Bringing people face-to-face with a farmer. Showing consumers the view from a tractor. Letting folks walk around a barn. You might think you can only host these activities if you organize an on-farm event. But guess what? These are all things that virtual reality experiences designed for ag education can do too.
How Virtual Reality Helps Agriculture Education
Virtual reality agriculture-themed experiences are an exciting new option for ag educators. Within the last 5-10 years, checkoffs, Ag in the Classroom chapters, and farm bureaus have all started including virtual reality in their agriculture education programs.
The beauty of VR is that it expands your options. Farm tours are one of the best ways to give consumers a connection to farming, but they aren’t always logistically possible.
With a virtual reality experience, you don’t have to convince people to travel out to a farm.

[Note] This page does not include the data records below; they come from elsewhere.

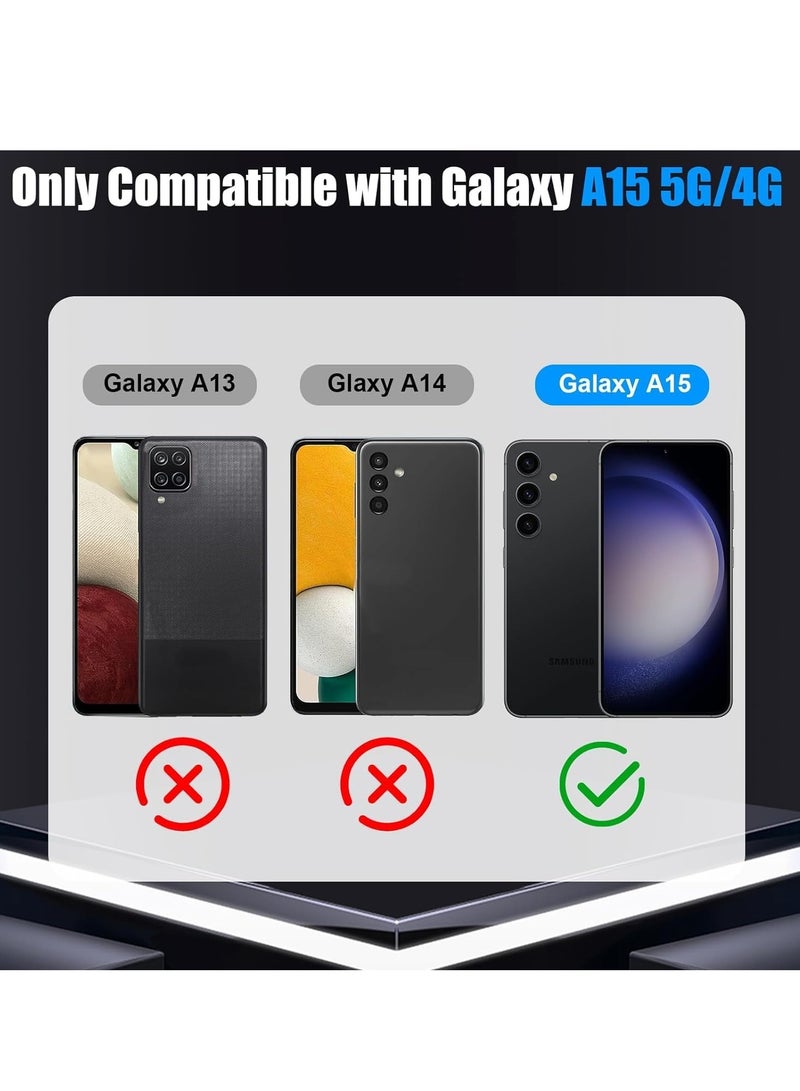 BORTONY Samsung Galaxy A15 4G/5G Tempered Glass  Shatterproof Anti Scratch Touch Sensitive  HD Clear Glass 2 Pack compatible with Samsung Galaxy A15 4G/5G - Image 2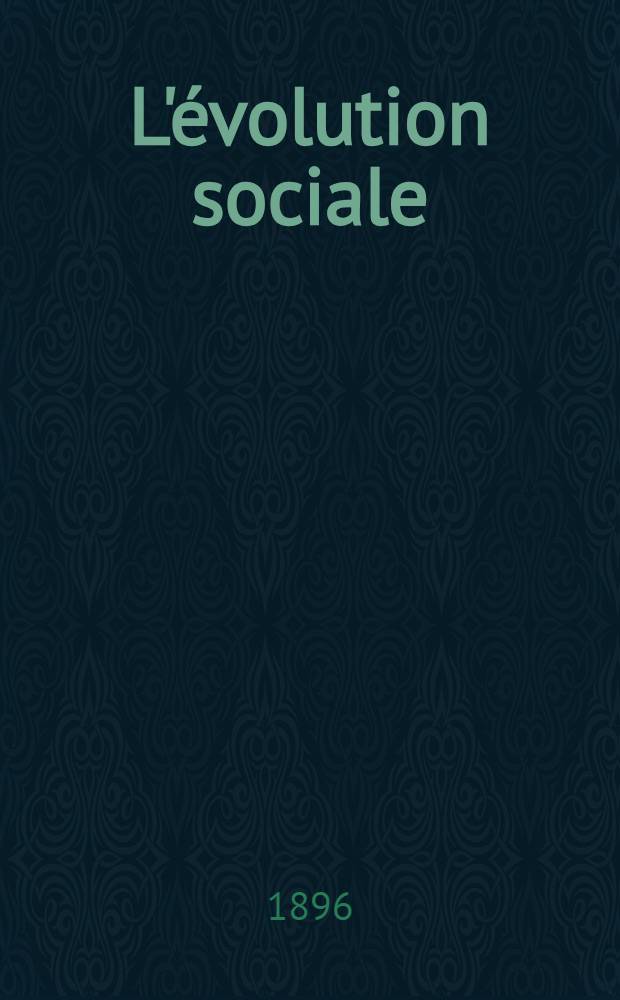 L'évolution sociale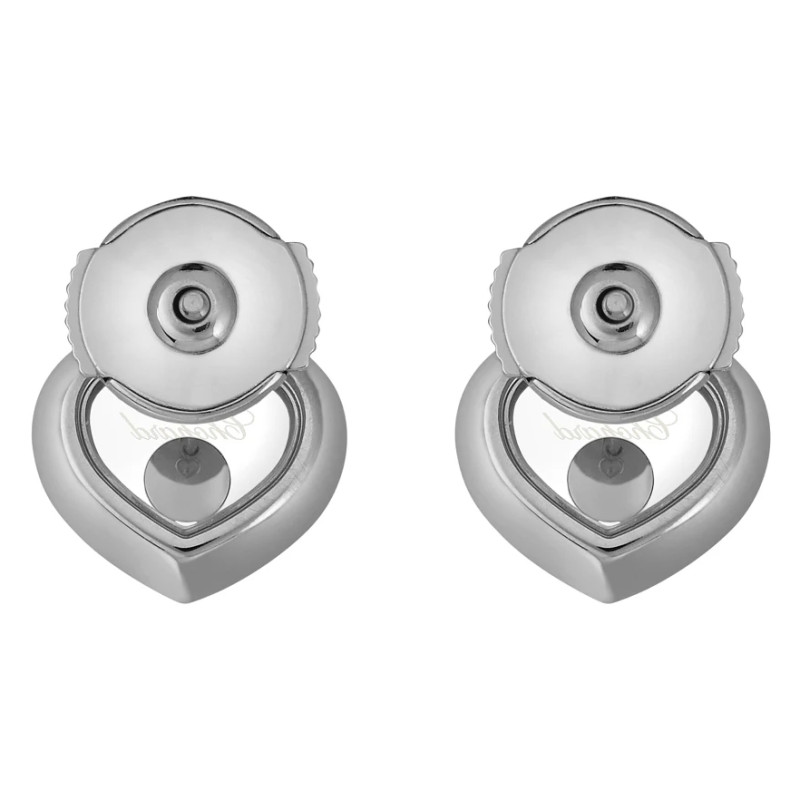 Boucles D'oreilles Chopard Impériale Or Blanc Et Diamants - Occasion Très Bon état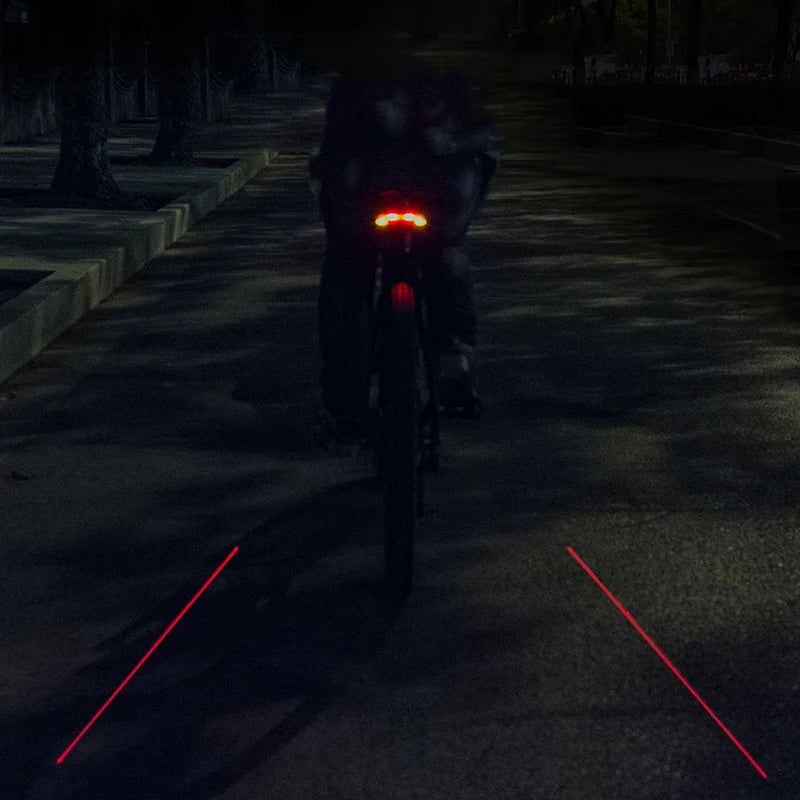ROCKBROS Bike Tail Light, USB Rechargeable, Wireless, Waterproof, MTB Safety Intelligent Remote Control, Turn Sign Bicycle Light Lamp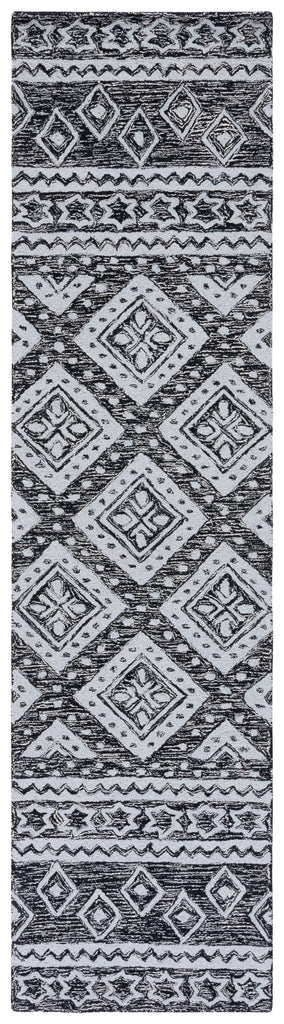 Micro-Loop 501 Rug | Safavieh - MLP501 - Black / Grey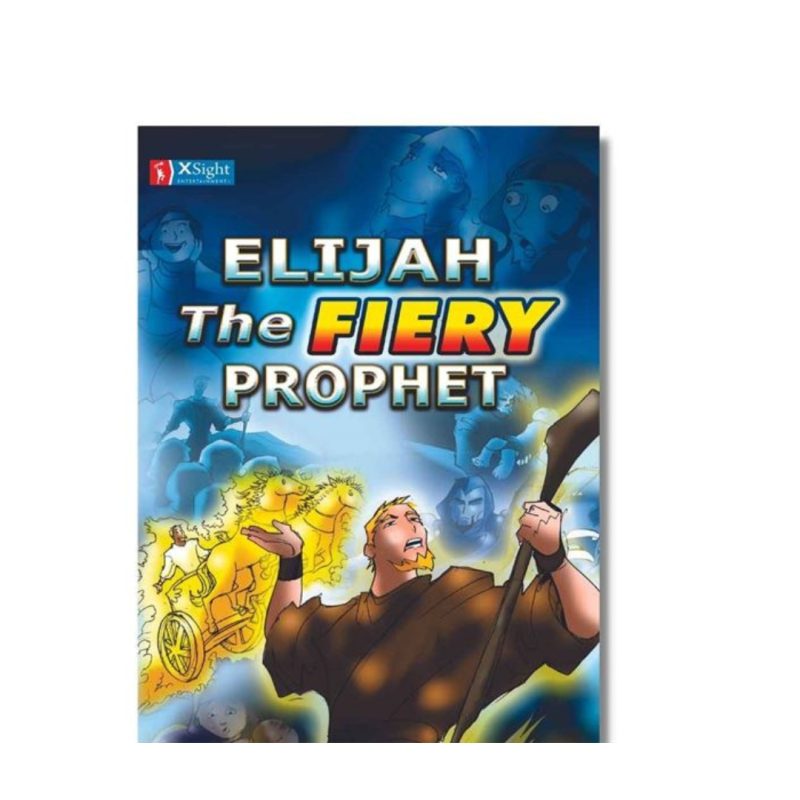 Elijah: The Fiery Prophet book cover, Rev. Dr. Chris Oyakhilome DSc. DSc. DD.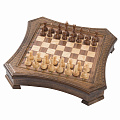 Шахматы резные Haleyan восьмиугольные в ларце с ящиками 50 kh164 120_120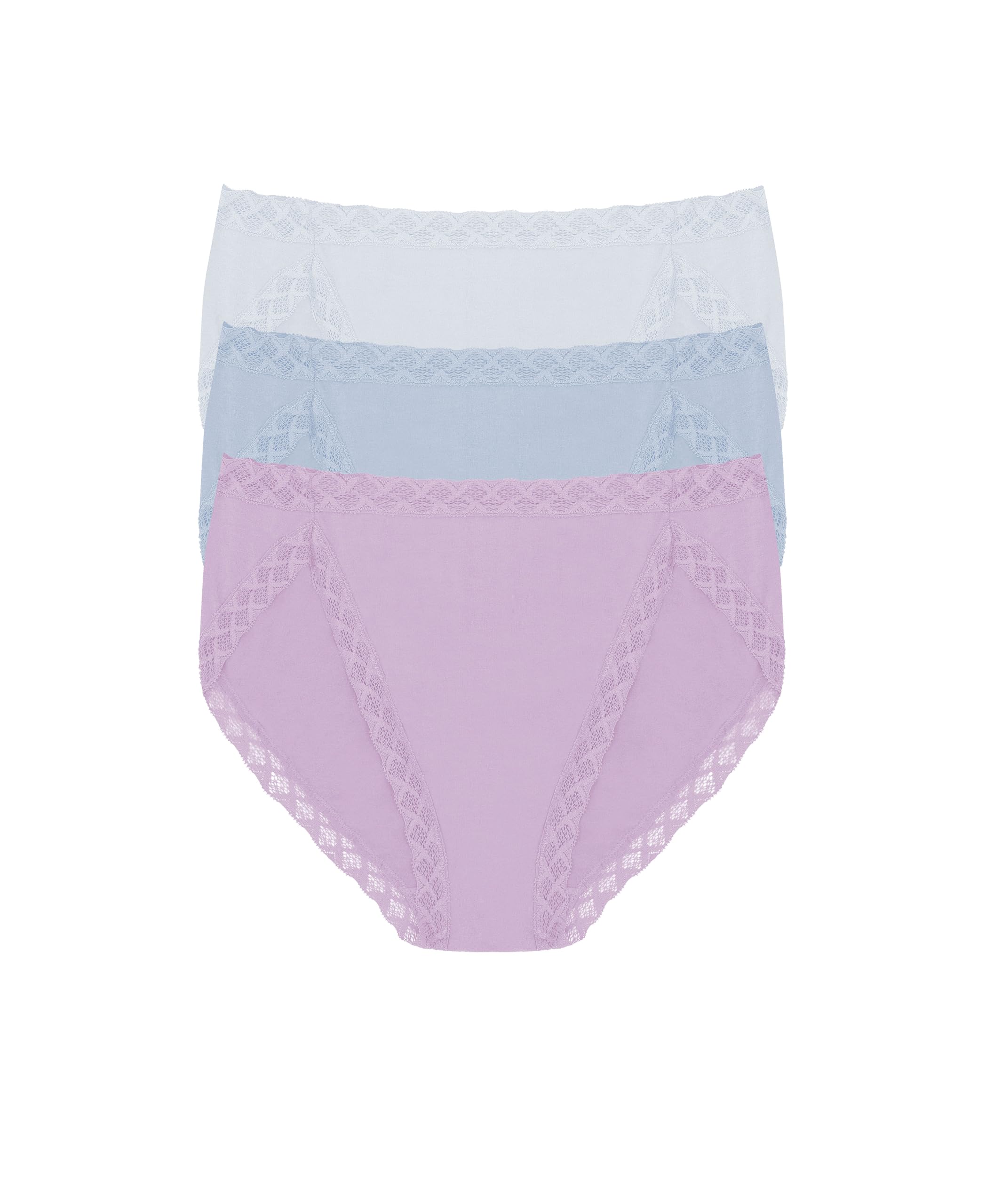 Natori Women's Pima Bliss French Cut Briefs 3 Pack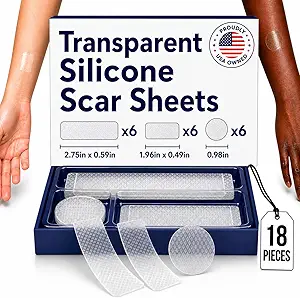 Medical-Grade Silicone Scar Patches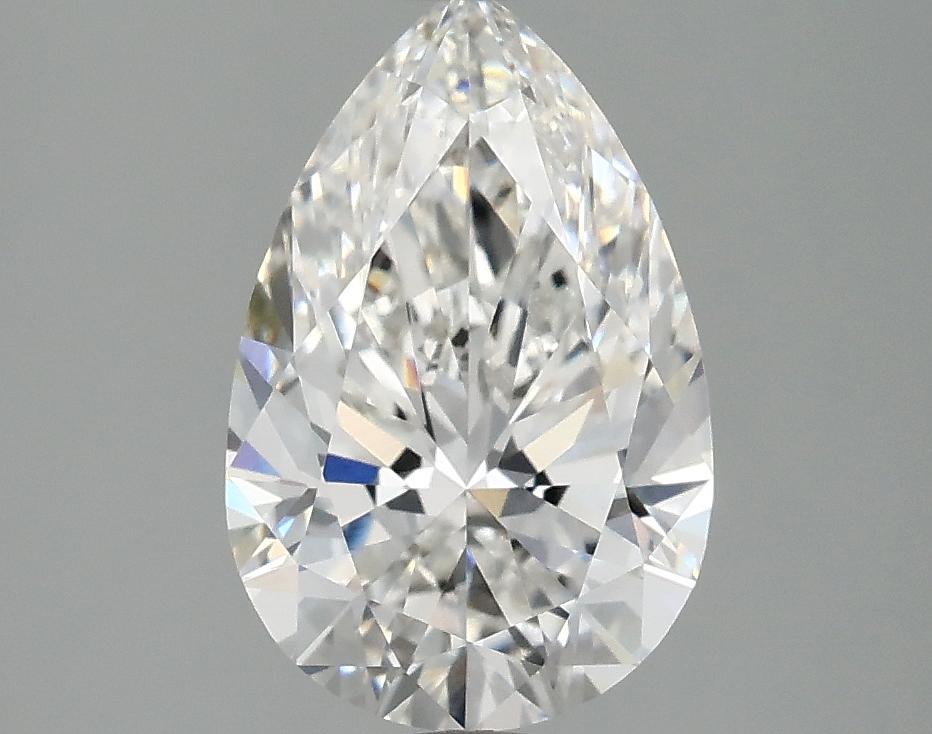 2.06 Carat Pear Shaped Excellent Cut VVS2 IGI Certified Lab Grown Diamond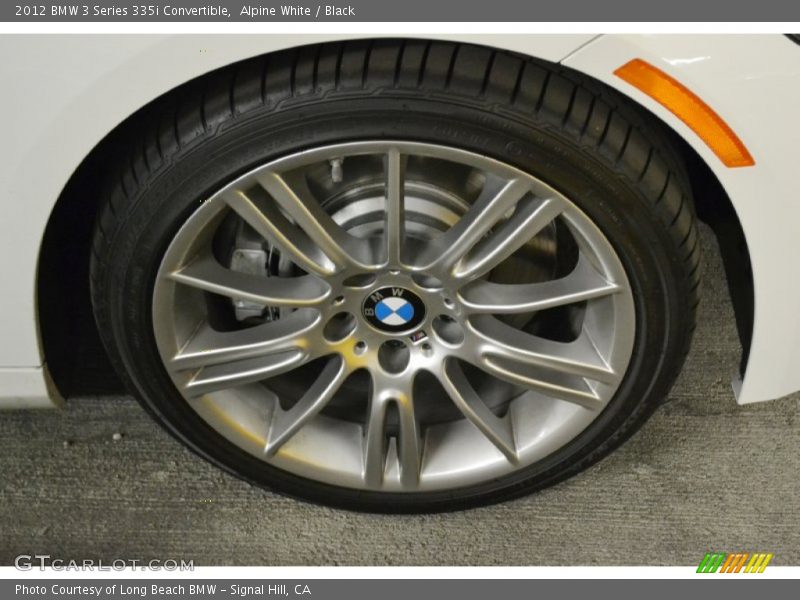 Alpine White / Black 2012 BMW 3 Series 335i Convertible
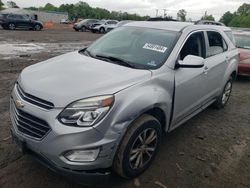 Salvage cars for sale at Hillsborough, NJ auction: 2017 Chevrolet Equinox LT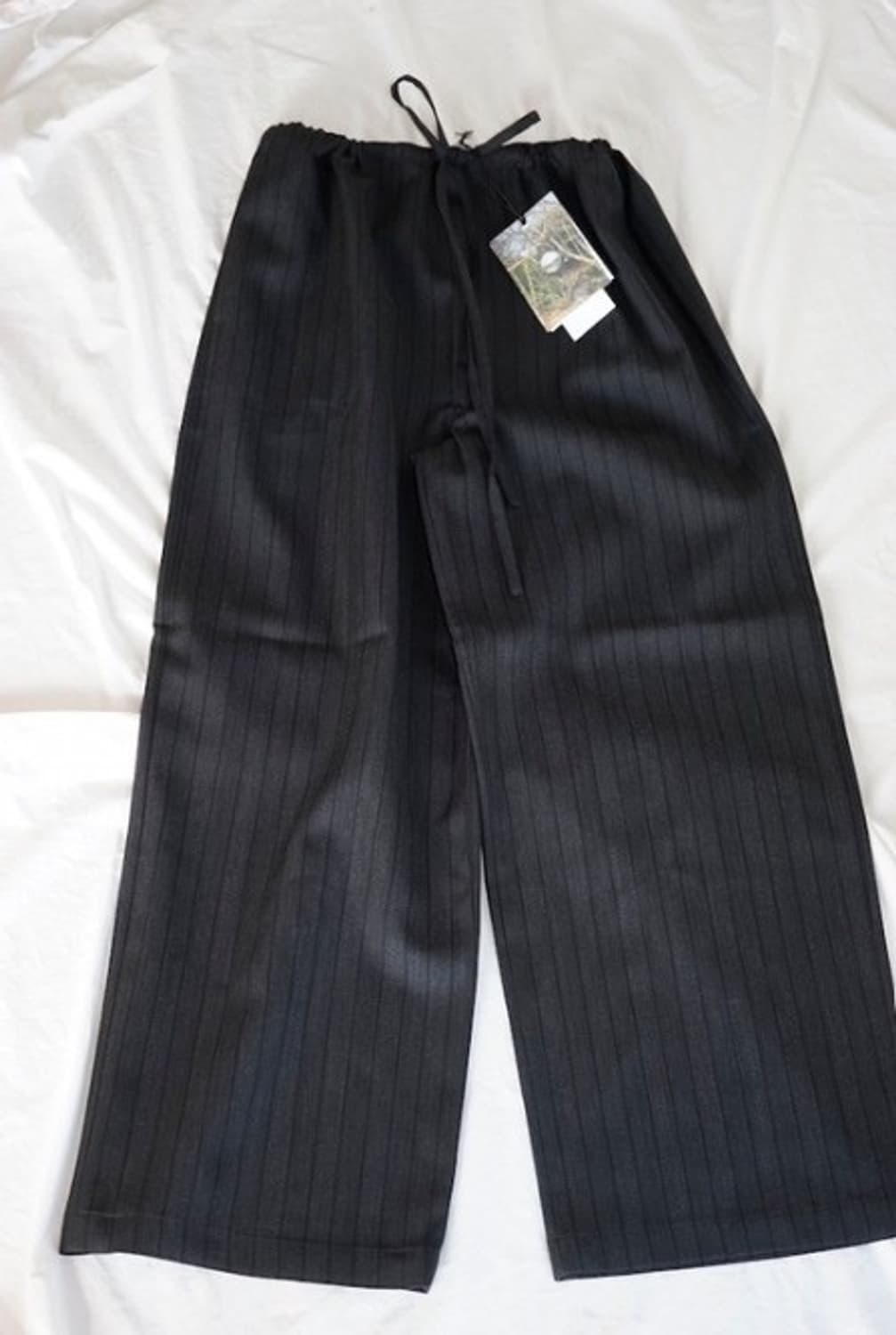 크리스타세야 그레이 스트라이프 맥시 라지 팬츠 S사이즈 상품이미지2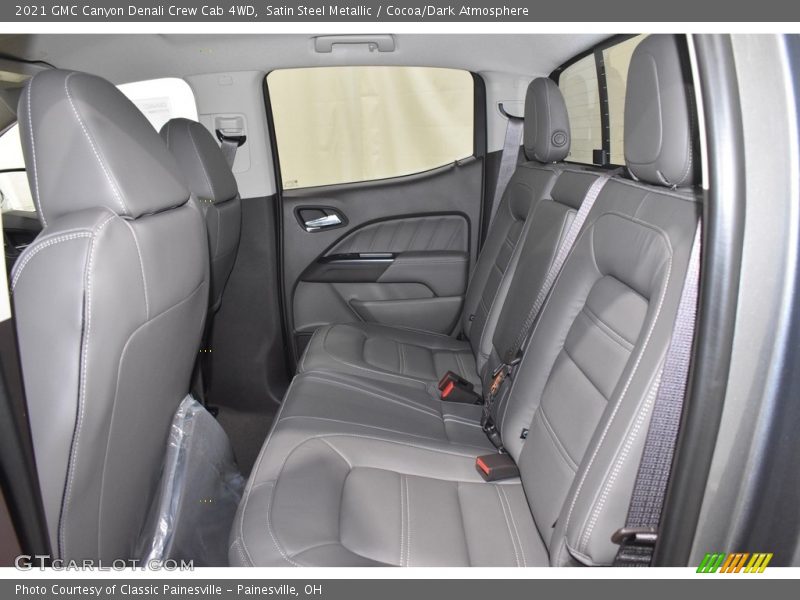 Satin Steel Metallic / Cocoa/Dark Atmosphere 2021 GMC Canyon Denali Crew Cab 4WD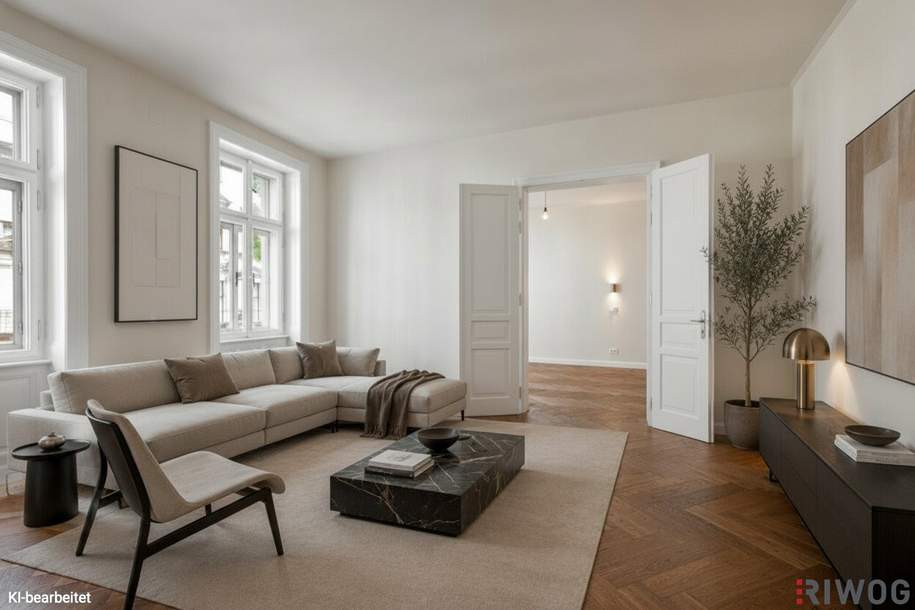 Stilvoller Luxus-Altbau in der Josefstadt | Erstbezug nach Sanierung | 4 Zimmer | 2 Bäder | Separate Küche | Teils Hoflage | Zimmer zentral begehbar | Ca. 10 Min. in die City, Wohnung-kauf, 895.000,€, 1080 Wien 8., Josefstadt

You can instantly immerse consumers in the best possible substitute, wherever your event happens to be.
Corn and soybean checkoffs can use virtual reality to bring people right into the tractor cab to watch cultivation or harvesting. Pork farmers can show people around their livestock barns, even when hosting in-person tours would jeopardize their farm’s biosecurity. Beef or dairy farmers can plop down a camera in their pastures and let consumers feel like they’re standing in the middle of the cow herd. The possibilities for virtual reality in agriculture education are as varied as the ag industry itself.
Making Virtual Reality Farm Tours Easier
We recently completed a project that made one farm bureau’s VR tour even easier to use.
Our clients at South Carolina Farm Bureau already had a 360º video ready to go. It explores the journey of chicken raising, starting from when eggs arrive at the hatchery from the breeder farm. So our job was to design a display that would draw people’s attention to the VR tour.
We created a tabletop unit with a hook for the VR headset itself. Simple graphics on the display show how to wear the goggles. Meanwhile, the acrylic sign features fancy etched lettering that stands out against the glossy, almost glowing background. It looks sharp and high-tech, as a virtual reality display should.
Taking Virtual Reality on the Road
Now, we’ve built display stations for virtual reality experiences before. Two farm bureaus that we built exhibit trailers for wanted VR stations in their trailers. And those VR experiences turned out great, but the only trouble is, they’re big. Each of them takes up a good chunk of a trailer. Not every group promoting ag literacy has that kind of space. But any agriculture education program could benefit from a virtual reality experience.
That’s why these tabletop units are so powerful. They allow you to host an ag-themed VR experience wherever you are. Do you have space for a table? Then you have space for these display units.